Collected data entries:
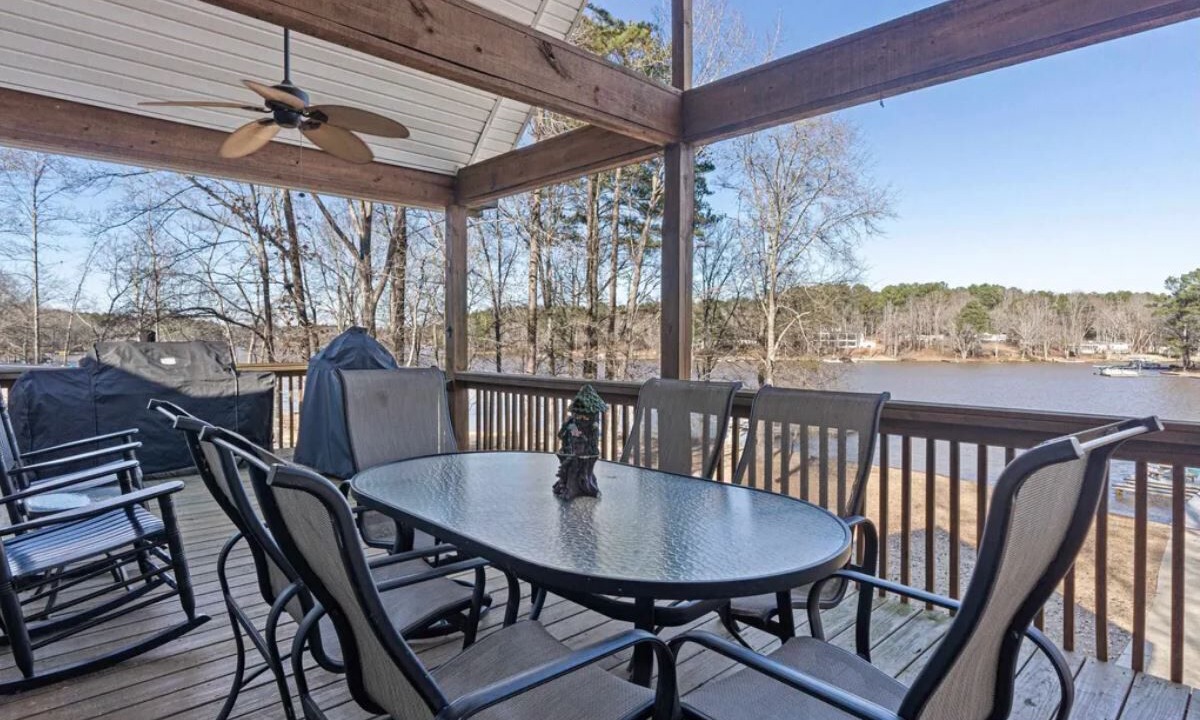 Photo of Outdoor in Eatonton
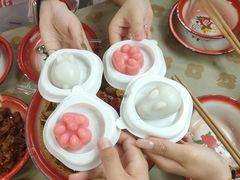 -老三样·旧食新味(船山路店)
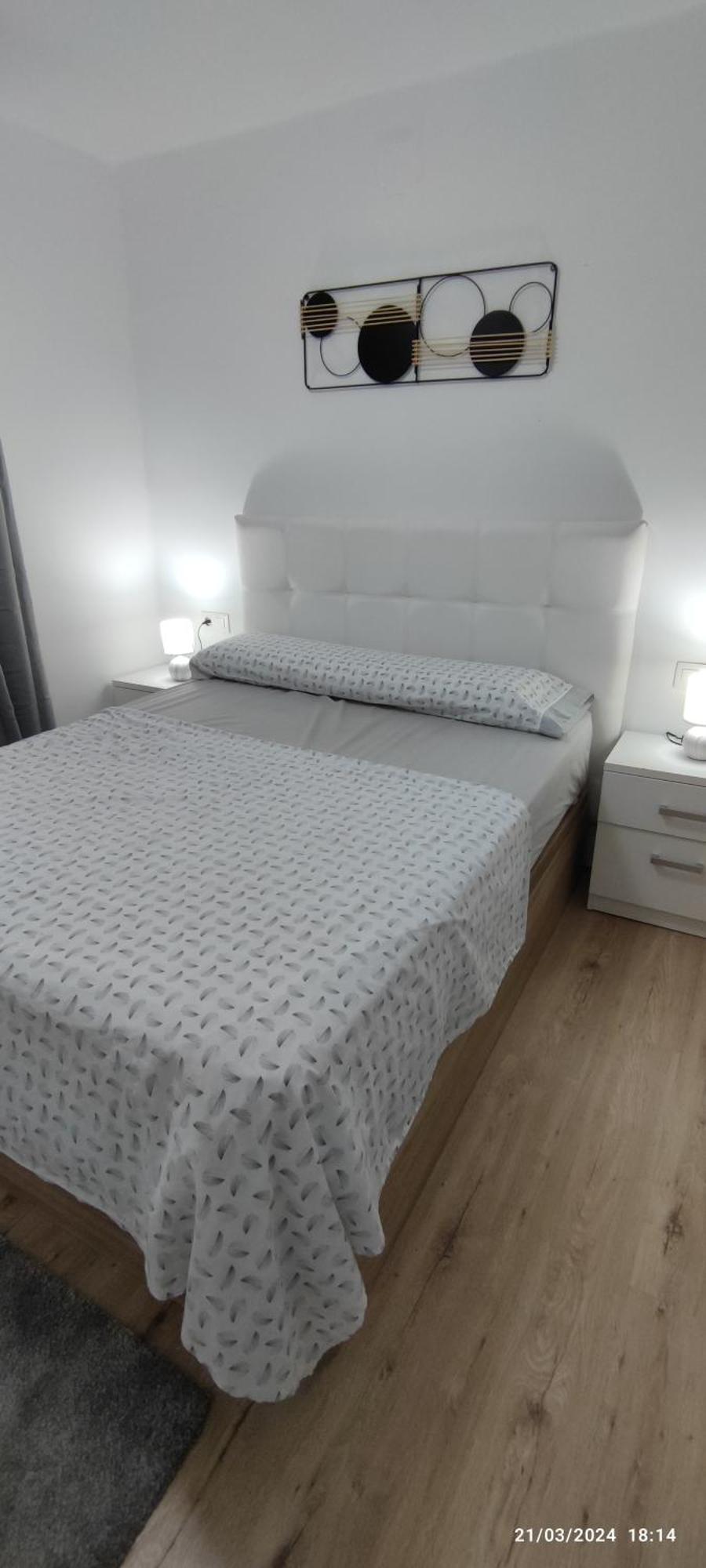 Mini Apartamento Castellón de la Plana Exteriör bild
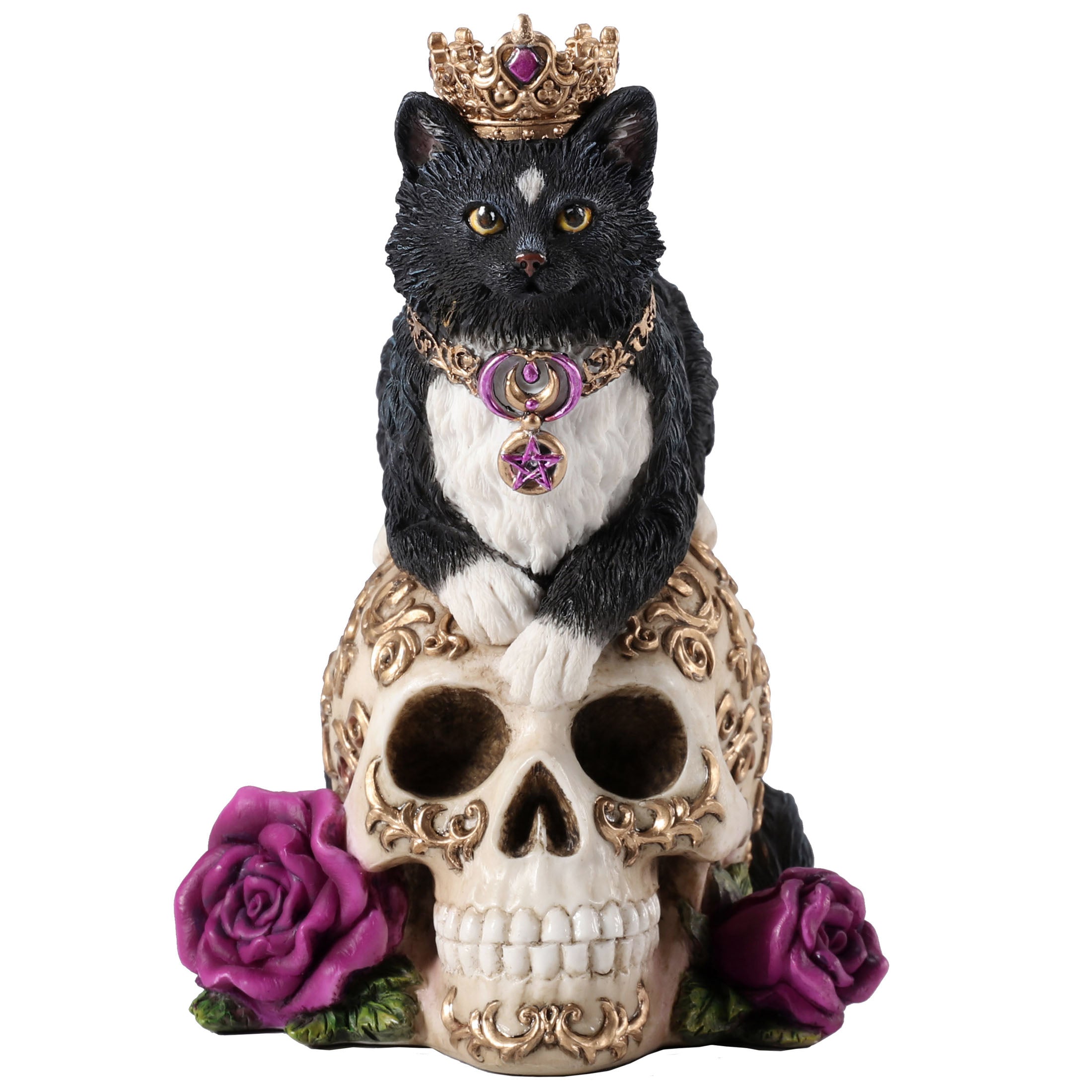 Dark Treasures By Selina Fenech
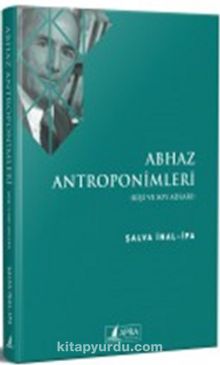 Abhaz Antroponimleri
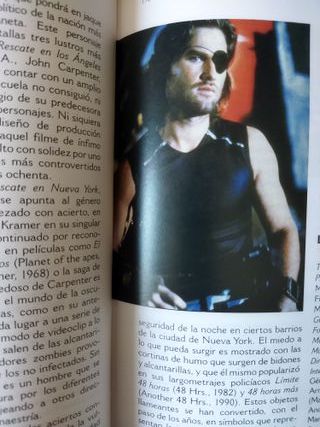 Historia del Cine en Películas, 1980-1989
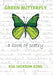 Green Butterfly: a book of poetry by Kia Jackson King
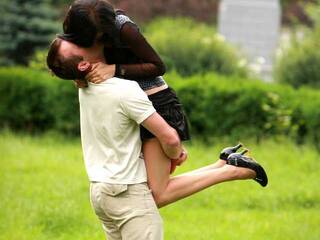 Eroottinen videokeskustelu Sandra-Bari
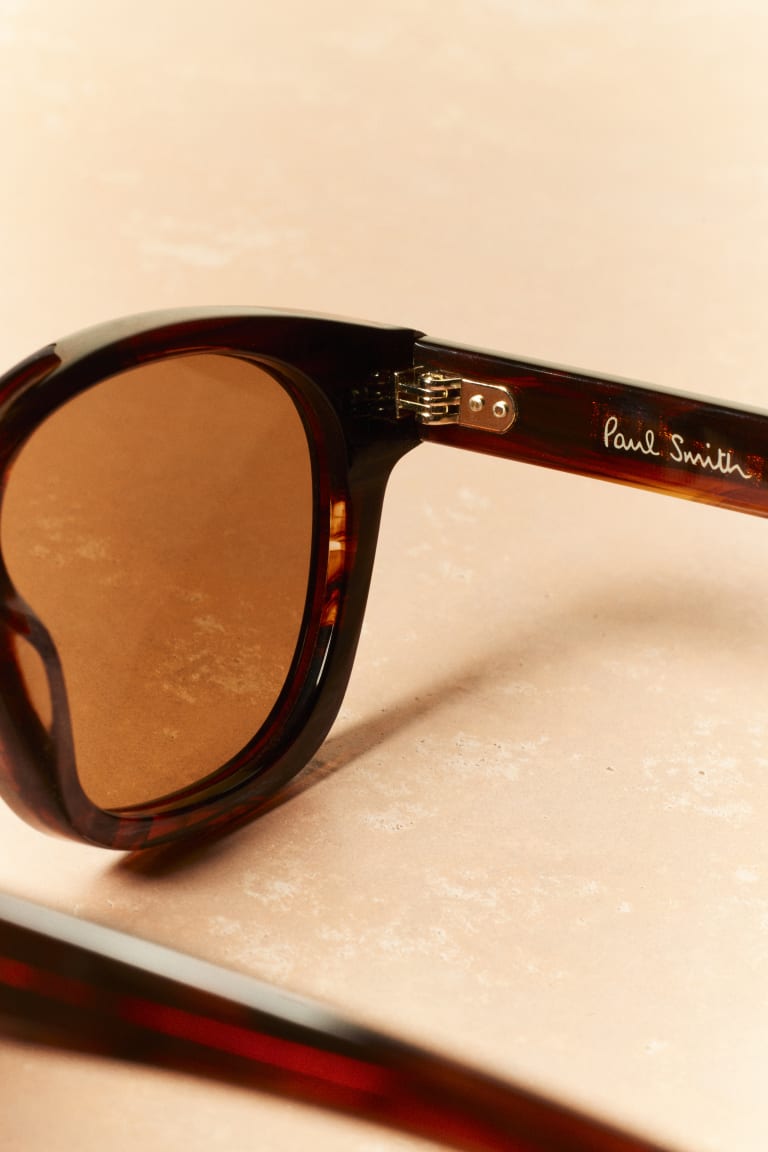 Paul hot sale smith lunettes
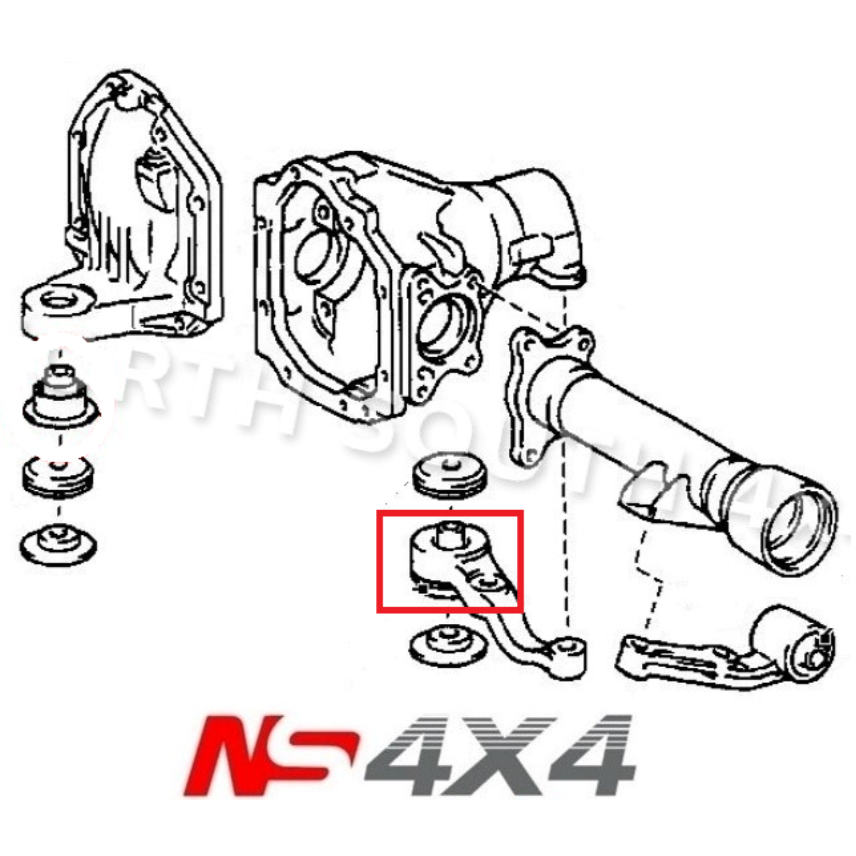 Ns4x4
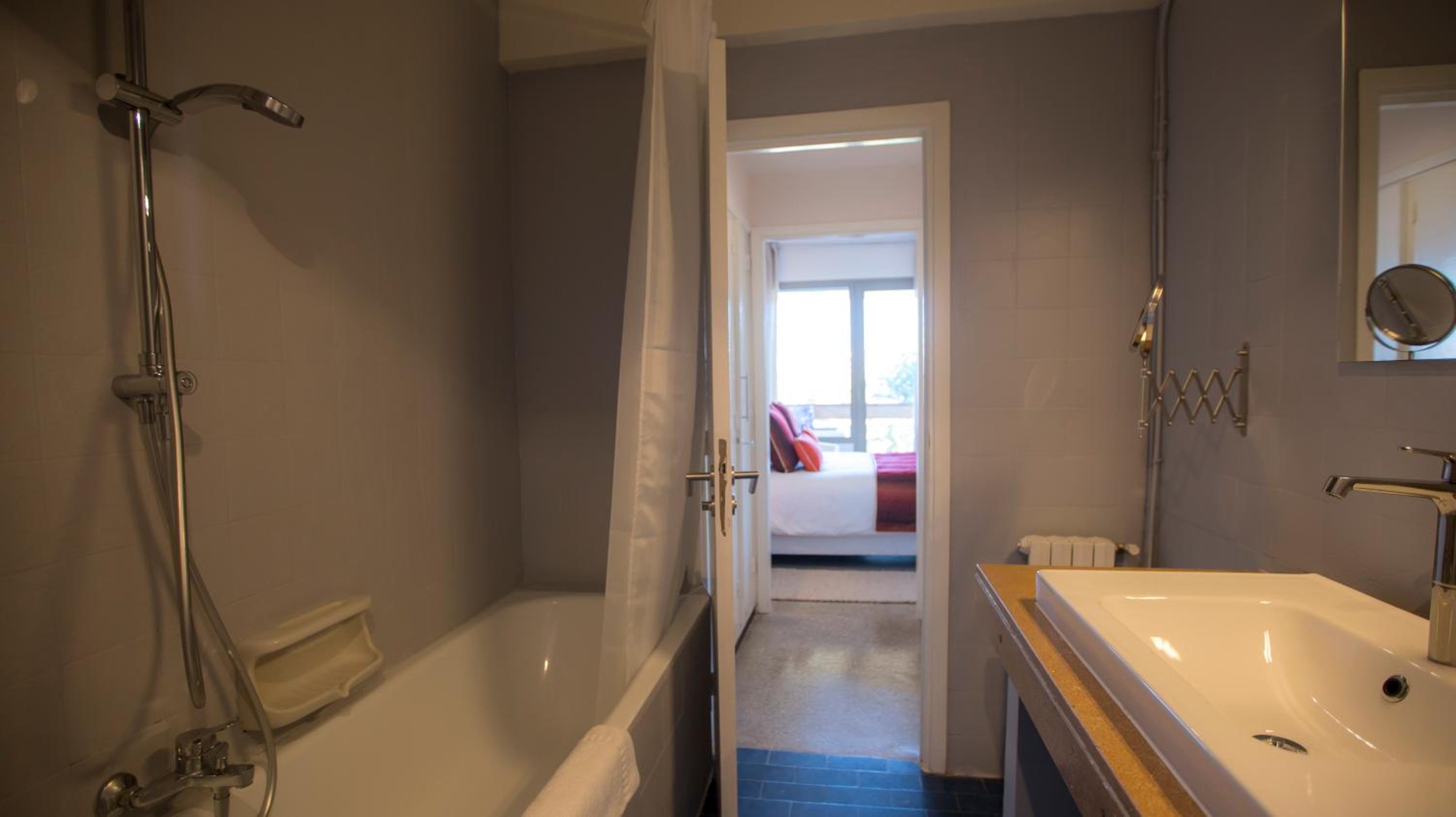 Deluxe Apartment - Photo 24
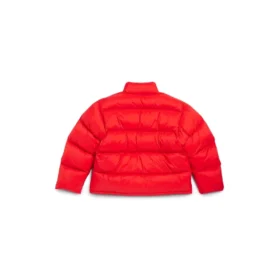 Doudoune de ski 3B Sports Icon « Red » 773986TPO396400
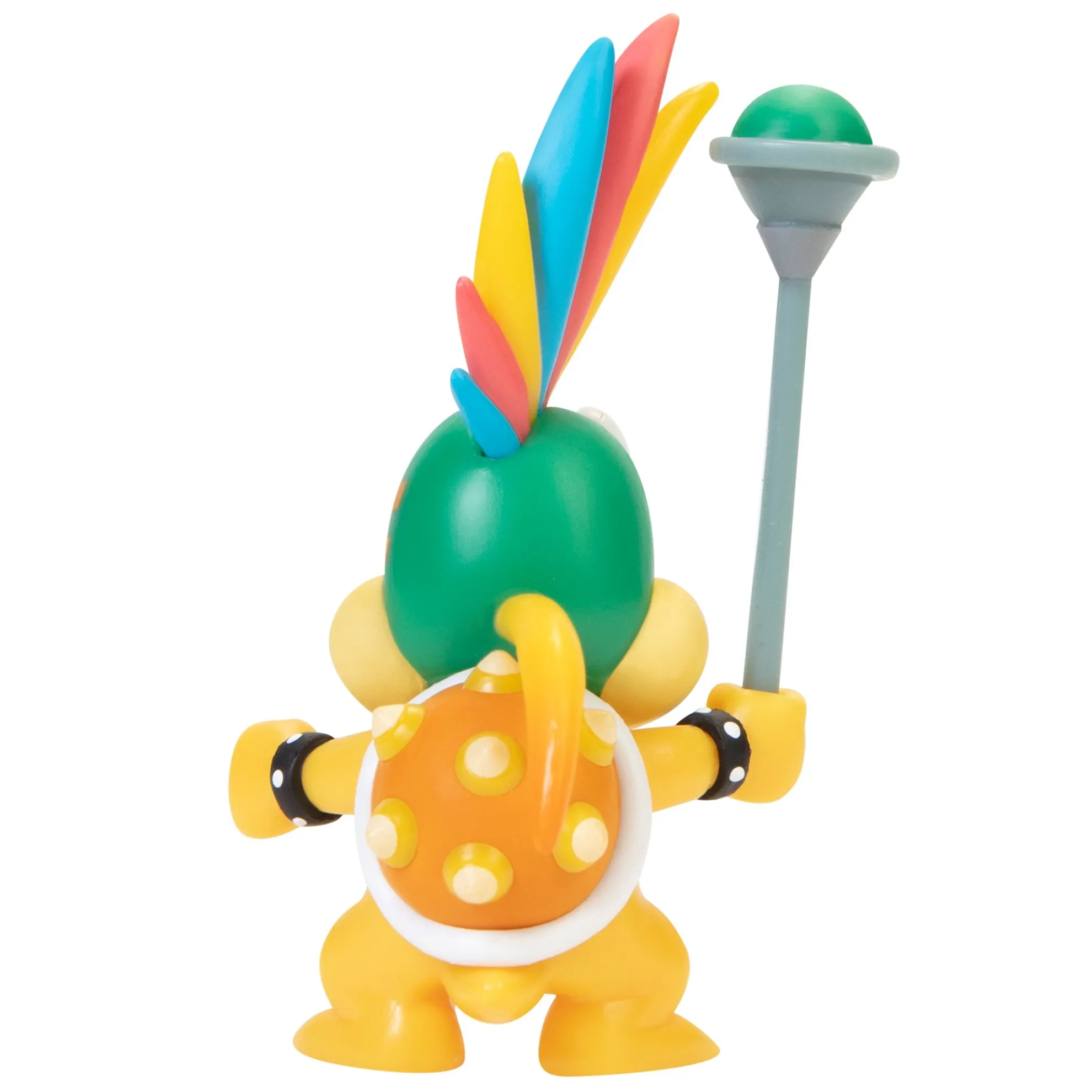 Lemmy 2.5-Inch Articulated Figure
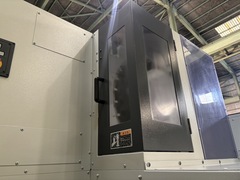 森精機 BT40立型マシニングセンタ NV5000α1B/40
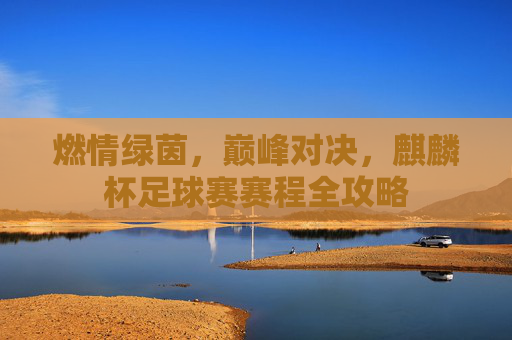 燃情绿茵，巅峰对决，麒麟杯足球赛赛程全攻略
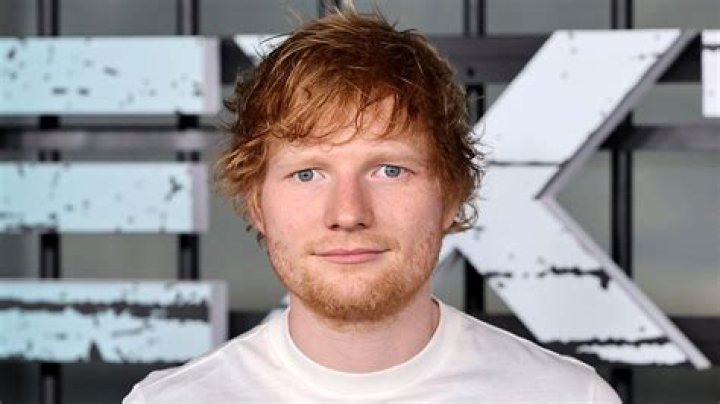 Ed Sheeran: The Weird and Wonderful World of a Musical Genius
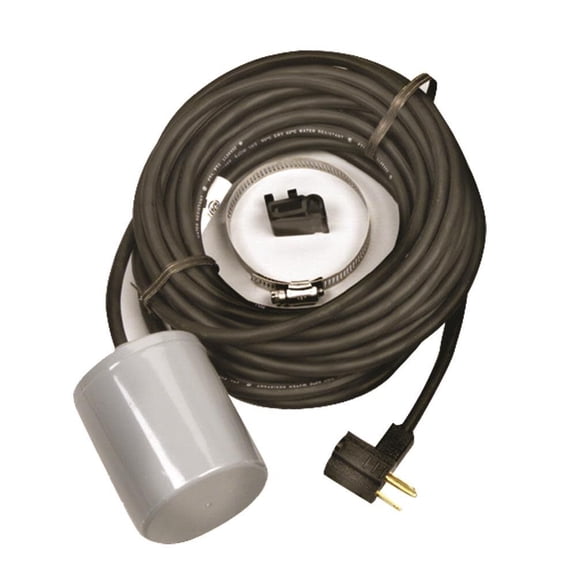 Tsurumi Float Switch 110V Max 2/3Hp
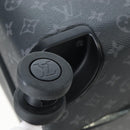 LOUIS VUITTON Monogram Eclipse Horizon 70 Suitcase M13772 LV Auth 206702SAM-20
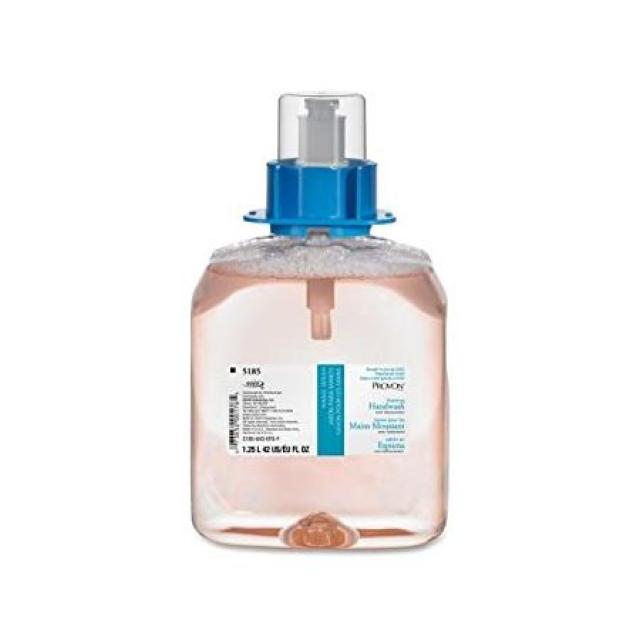 GOJO 5185-03 PROVON Foaming Handwash with Moisturizers 1250ml (Pack of 3), One Color_One Size, One Color_One Size, 상세 설명 참조0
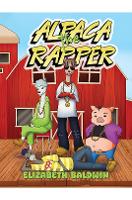 Alpaca the Rapper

● **YOUR GOAL**:
The reply should hold the entries above from the line with "Doudoune de ski" to the line with "GOJO 5185-03 PROVON", duplicated exactly, pictures excluded.

● **RESPONSE TO THE EXERCISE**:
 Doudoune de ski 3B Sports Icon « Red » 773986TPO396400
 Lemmy 2.5-Inch Articulated Figure
 森精機 BT40立型マシニングセンタ NV5000α1B/40
 燃情绿茵，巅峰对决，麒麟杯足球赛赛程全攻略
 Ed Sheeran: The Weird and Wonderful World of a Musical Genius
 Tsurumi Float Switch 110V Max 2/3Hp
 LOUIS VUITTON Monogram Eclipse Horizon 70 Suitcase M13772 LV Auth 206702SAM-20
 GOJO 5185-03 PROVON Foaming Handwash with Moisturizers 1250ml (Pack of 3), One Color_One Size, One Color_One Size, 상세 설명 참조0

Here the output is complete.